**EXERCISE DESCRIPTION**
Give again, word for word, each line below starting at the one that contains "High ceilings, wood-finish" and ending at the one that contains "A set of four".

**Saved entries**
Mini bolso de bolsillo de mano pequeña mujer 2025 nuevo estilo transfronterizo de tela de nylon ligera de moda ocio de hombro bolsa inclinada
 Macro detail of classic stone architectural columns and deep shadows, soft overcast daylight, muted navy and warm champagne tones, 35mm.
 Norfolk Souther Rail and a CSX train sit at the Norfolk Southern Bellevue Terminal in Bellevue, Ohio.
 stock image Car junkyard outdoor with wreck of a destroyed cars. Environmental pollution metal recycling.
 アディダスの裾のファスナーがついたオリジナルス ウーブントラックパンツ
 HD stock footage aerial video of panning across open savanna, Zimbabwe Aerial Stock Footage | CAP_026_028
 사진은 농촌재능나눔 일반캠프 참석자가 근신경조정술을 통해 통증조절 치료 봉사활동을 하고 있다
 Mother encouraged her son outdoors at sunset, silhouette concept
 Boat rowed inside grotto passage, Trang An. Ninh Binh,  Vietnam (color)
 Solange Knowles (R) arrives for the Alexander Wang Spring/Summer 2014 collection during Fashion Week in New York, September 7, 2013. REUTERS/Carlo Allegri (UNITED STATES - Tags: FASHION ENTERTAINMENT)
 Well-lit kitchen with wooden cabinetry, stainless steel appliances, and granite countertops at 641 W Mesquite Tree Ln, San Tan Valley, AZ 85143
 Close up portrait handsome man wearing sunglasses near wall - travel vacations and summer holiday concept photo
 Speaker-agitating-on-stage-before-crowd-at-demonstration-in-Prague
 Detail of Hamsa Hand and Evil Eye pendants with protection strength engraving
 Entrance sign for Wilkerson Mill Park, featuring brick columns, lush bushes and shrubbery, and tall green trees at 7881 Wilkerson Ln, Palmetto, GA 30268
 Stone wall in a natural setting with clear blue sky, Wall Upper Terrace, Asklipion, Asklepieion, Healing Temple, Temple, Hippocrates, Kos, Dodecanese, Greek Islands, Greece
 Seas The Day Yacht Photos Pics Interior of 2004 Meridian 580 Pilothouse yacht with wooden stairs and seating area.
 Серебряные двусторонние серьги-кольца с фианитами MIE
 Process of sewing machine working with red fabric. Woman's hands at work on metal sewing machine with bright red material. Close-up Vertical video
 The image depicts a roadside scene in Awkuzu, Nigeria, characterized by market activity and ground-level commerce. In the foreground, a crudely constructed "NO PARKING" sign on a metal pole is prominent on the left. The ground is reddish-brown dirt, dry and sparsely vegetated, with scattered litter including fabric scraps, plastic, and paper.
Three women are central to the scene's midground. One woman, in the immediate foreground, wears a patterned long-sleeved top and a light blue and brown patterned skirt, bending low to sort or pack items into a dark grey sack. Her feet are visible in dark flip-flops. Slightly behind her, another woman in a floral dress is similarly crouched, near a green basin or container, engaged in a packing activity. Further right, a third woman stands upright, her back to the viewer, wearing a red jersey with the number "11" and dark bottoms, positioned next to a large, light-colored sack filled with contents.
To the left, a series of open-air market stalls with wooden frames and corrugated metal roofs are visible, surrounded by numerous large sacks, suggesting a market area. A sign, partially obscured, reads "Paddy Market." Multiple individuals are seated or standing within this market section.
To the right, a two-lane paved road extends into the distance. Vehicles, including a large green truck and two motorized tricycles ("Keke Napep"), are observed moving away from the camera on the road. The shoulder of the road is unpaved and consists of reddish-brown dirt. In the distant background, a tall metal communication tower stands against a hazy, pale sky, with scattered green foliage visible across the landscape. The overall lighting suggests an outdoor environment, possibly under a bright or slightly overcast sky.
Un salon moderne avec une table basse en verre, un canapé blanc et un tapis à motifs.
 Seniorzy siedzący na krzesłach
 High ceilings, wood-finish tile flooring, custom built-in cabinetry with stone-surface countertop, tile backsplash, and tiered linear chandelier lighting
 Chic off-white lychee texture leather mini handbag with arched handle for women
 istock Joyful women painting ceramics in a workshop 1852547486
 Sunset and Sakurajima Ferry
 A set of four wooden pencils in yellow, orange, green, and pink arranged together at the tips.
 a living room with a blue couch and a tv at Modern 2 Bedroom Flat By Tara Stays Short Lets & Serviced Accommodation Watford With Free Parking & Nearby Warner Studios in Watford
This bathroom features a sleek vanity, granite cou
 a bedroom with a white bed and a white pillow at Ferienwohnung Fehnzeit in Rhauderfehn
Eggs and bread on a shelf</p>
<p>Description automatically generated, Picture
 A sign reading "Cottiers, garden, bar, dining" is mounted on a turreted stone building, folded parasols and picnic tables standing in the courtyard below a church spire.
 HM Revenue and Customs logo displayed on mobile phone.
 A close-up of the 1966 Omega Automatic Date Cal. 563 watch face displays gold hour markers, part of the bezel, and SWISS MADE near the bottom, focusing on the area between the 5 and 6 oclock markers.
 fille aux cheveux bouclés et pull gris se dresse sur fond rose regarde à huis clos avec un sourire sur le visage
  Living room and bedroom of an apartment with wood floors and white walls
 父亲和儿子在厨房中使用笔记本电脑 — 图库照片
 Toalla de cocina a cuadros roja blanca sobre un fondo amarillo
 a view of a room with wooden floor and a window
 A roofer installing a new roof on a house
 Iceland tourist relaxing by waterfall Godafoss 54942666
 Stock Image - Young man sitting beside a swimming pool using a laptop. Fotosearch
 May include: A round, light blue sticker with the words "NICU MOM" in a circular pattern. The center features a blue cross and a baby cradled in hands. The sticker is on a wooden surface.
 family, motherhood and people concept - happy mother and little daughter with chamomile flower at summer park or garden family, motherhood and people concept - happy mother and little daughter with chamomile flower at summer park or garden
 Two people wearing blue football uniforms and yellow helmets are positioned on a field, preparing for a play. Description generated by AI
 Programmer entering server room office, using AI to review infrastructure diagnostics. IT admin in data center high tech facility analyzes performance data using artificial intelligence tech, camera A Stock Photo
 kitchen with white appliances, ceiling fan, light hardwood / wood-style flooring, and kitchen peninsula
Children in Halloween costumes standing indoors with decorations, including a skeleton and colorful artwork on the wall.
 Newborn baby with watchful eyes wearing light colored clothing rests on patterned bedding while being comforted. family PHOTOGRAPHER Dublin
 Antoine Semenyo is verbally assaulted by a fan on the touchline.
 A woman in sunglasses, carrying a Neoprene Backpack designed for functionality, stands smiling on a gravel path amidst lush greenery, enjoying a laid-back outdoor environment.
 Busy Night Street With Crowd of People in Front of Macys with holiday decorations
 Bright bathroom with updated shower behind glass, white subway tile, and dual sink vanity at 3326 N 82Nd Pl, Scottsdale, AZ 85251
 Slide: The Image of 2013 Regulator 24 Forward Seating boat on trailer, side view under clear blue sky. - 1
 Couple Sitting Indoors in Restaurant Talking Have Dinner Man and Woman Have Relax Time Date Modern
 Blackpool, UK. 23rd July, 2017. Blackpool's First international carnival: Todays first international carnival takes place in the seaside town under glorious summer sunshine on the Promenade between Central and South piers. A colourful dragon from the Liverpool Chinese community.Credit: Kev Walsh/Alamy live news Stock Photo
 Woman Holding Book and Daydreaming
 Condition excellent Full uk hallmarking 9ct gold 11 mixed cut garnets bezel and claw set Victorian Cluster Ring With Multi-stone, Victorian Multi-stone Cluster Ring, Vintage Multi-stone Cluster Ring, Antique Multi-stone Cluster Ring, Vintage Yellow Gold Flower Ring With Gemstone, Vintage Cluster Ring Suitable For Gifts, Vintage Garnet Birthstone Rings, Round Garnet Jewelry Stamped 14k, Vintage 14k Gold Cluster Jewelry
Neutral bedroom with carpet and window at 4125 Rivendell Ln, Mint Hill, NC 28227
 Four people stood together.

**REPLY**
 High ceilings, wood-finish tile flooring, custom built-in cabinetry with stone-surface countertop, tile backsplash, and tiered linear chandelier lighting
 Chic off-white lychee texture leather mini handbag with arched handle for women
 istock Joyful women painting ceramics in a workshop 1852547486
 Sunset and Sakurajima Ferry
 A set of four wooden pencils in yellow, orange, green, and pink arranged together at the tips.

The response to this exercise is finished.